- WORK INSTRUCTIONS -
Nothing but the lines from the one that holds "1C6RR7KT3KS625794 RAM 1500 Classic Tradesman" through the end of the material should be repeated, each exactly as it stands, and pictures stay out.

▬▬▬

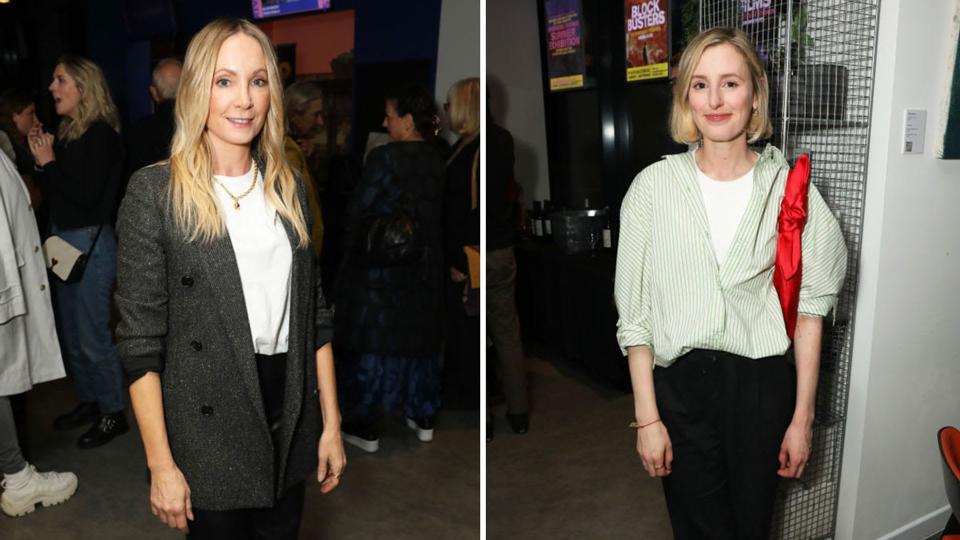 Joanne Froggatt and Laura Carmichael were both in attendance at a press night after party for Othello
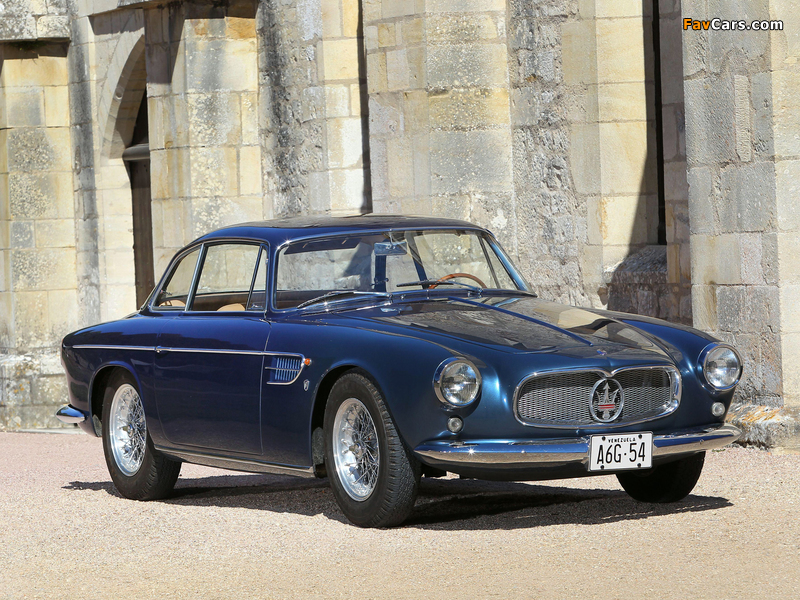 Pictures of Maserati A6G 2000 GT 1956–57 (800 x 600)
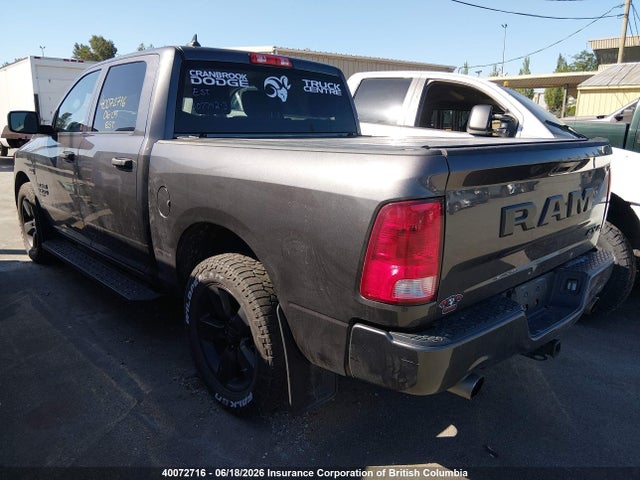 1C6RR7KT3KS625794 RAM 1500 Classic Tradesman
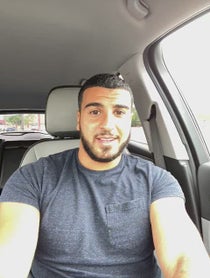 Poster for Birthday video from Adam Gemili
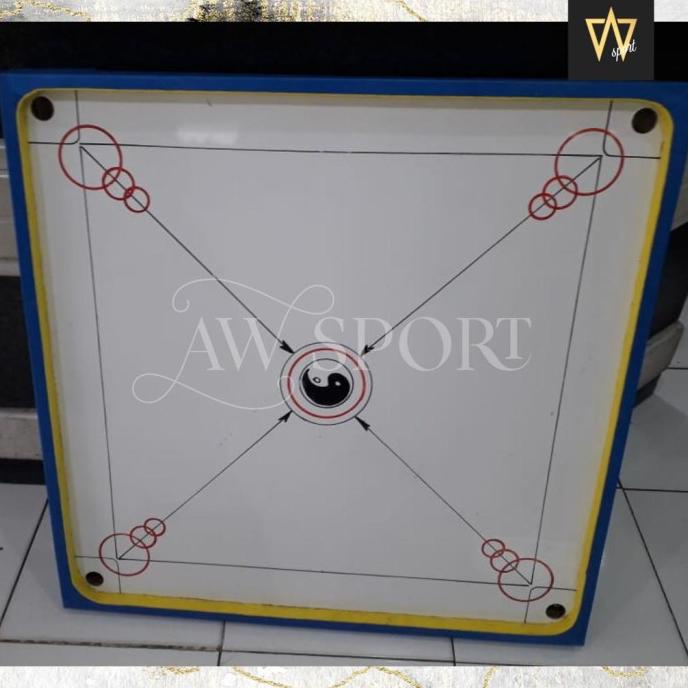 Meja Karambol Ukuran 90x90 cm ---NEW---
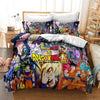 Duvet Cover Dragon Ball Z Super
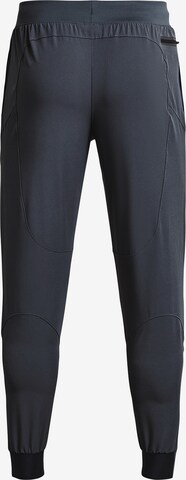 UNDER ARMOUR Regular Workout Pants 'Unstoppable' in Grey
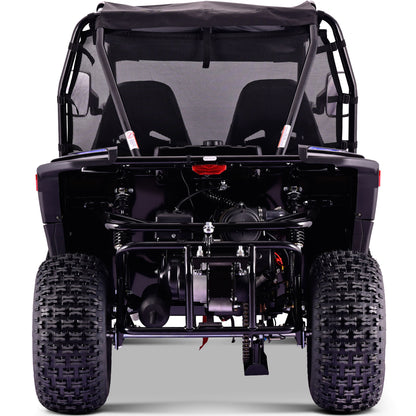 MotoTec Titan 200cc 4-Stroke Gas UTV - Blue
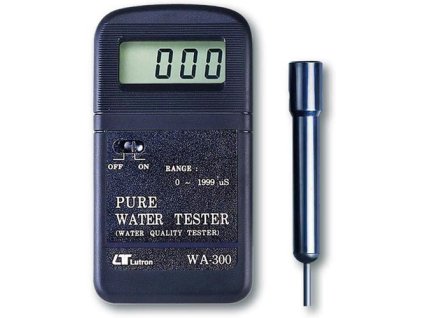 WA 300 Lutron tester kvality vody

▬▬▬

- REPLY TO THE EXERCISE -
 1C6RR7KT3KS625794 RAM 1500 Classic Tradesman
 Poster for Birthday video from Adam Gemili
 Meja Karambol Ukuran 90x90 cm ---NEW---
 Duvet Cover Dragon Ball Z Super
 UNDER ARMOUR Regular Workout Pants 'Unstoppable' in Grey
 MotoTec Titan 200cc 4-Stroke Gas UTV - Blue
 WA 300 Lutron tester kvality vody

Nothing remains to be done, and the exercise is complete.